Example: The police arrested him in his dining room on charges of murder. The officers can open the door of your closet to make sure that no one is more hidden, but may not open your medicine cabinet because there could not be an accomplice there.

  • When it is carried to jail, police may perform a “record inventory” of items you have with you without an order. This record may include your car if it is retained by the police in order to enumerate all the articles that you have within.
  • The police can search without a warrant if they have a reasonable fear for your safety or for the public safety.
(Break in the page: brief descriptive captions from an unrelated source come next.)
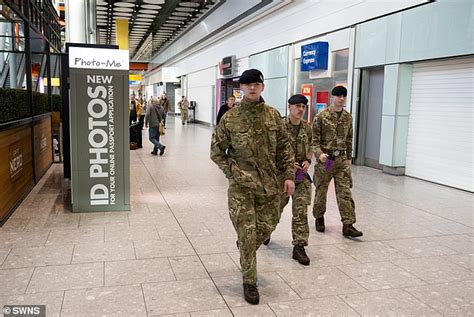 Border Force Strikes Cause Chaos As 1 000 Workers Walk Out Today At Heathrow Gatwick And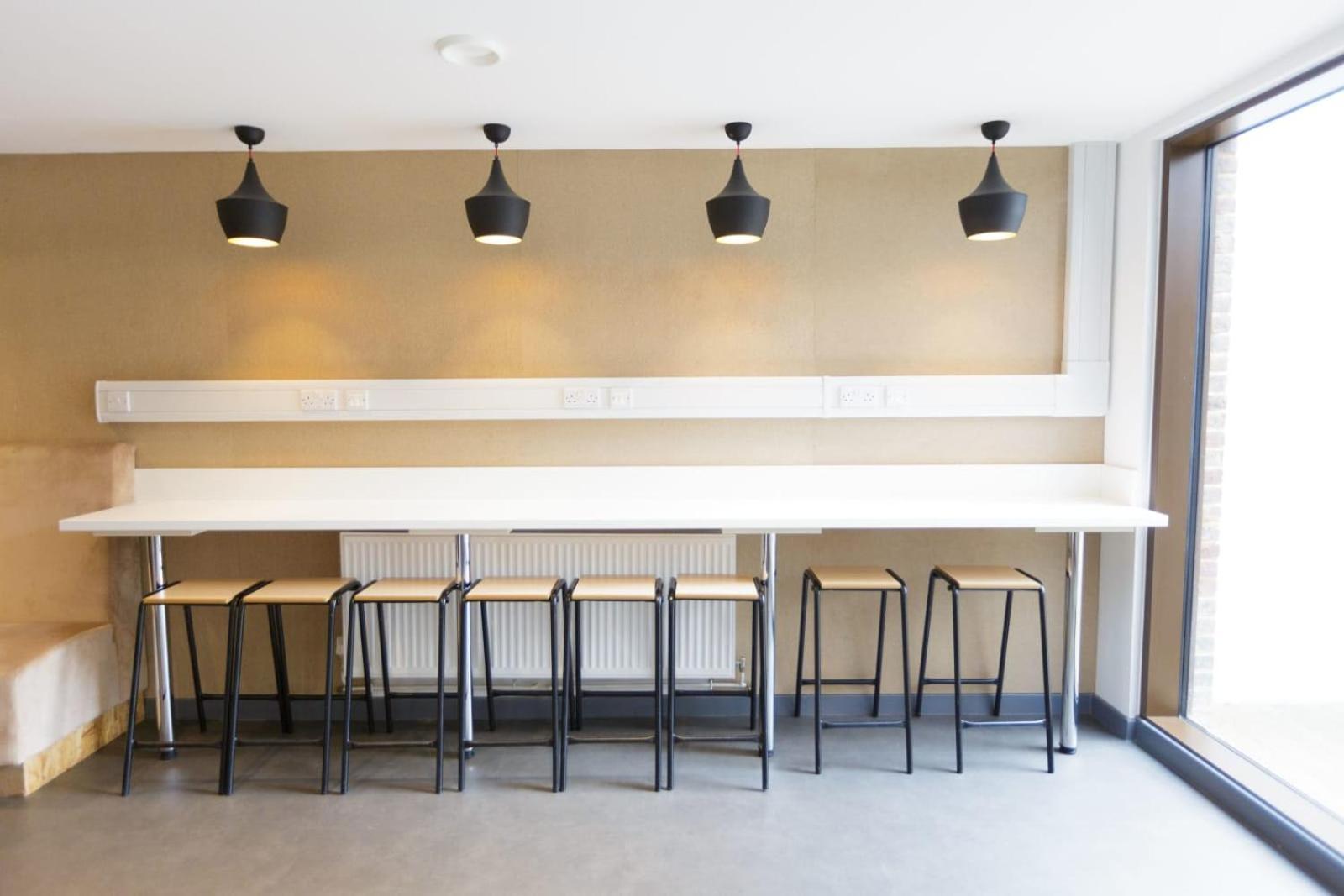 Apartment Cosy And Ensuite Bedrooms At New Cross In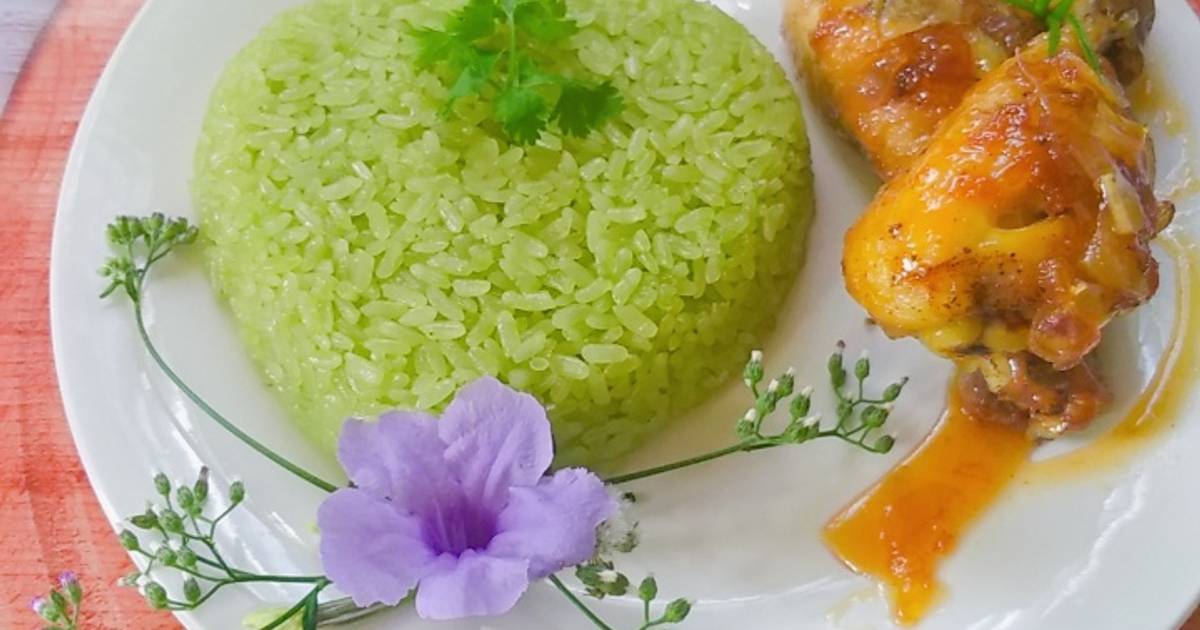 Xôi lá dứa đùi gà chiên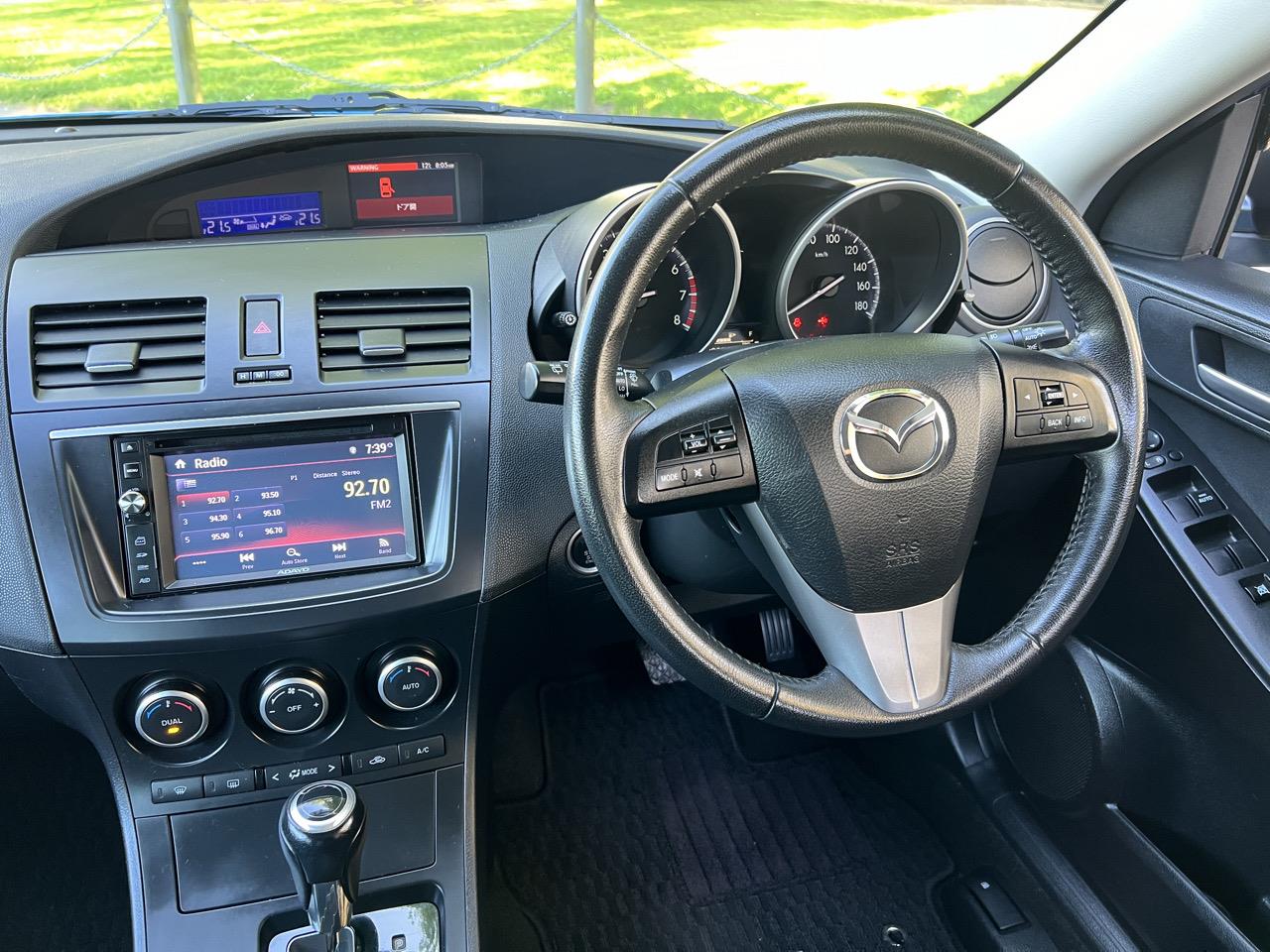 2013 Mazda AXELA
Example: If the police pass by your house on a usual tour of the neighborhood and see you in your open garage, with ten boxes of dynamite and a blowtorch, you can register your garage without a warrant.

  • If it is necessary to prevent the imminent destruction of evidence, the police may carry out a search without a warrant.

Example: If the police sees you trying to burn a wad of money that you have stolen from a bank, you can conduct a search without a warrant in order to avoid destroying the money.

  • The official may conduct a search without a warrant if they are in “active persecution” of a suspect who enters a private dwelling or area after escaping the scene of a crime.

Example: If the police are chasing you from the scene of a murder, and you run into your apartment in an attempt to escape them, they can follow him into the apartment and record the area without a warrant.

  • Police officers can pat down your clothing outside, provided that they have a reasonable belief that you may be hiding a weapon and you fear for their safety.

What police CAN’T do:

  • The police cannot conduct a search without a warrant in any place in which you have a reasonable expectation of privacy, unless you apply one of the exceptions to the order.
  • If you obtain evidence through a record irrational or illegal, the police cannot use it against you in a trial. This is called the “exclusionary rule”.
  • The police may not use evidence resulting from an illegal search to look for other evidence.
  • The police can’t provide affidavit to justify the obtaining of a search warrant if he did not have a reasonable belief regarding the veracity of what is expressed in the statement.
  • The police cannot register their vehicle unless there is a reasonable suspicion that it contains evidence, illegal items, or stolen goods. However, if the police has confiscated your car, you can register it.
  • The police can’t stop it, and cache it unless you have a reasonable suspicion that he has participated in a crime. If you have a reasonable suspicion, may pat down your clothing outside if you are concerned that you have a hidden weapon.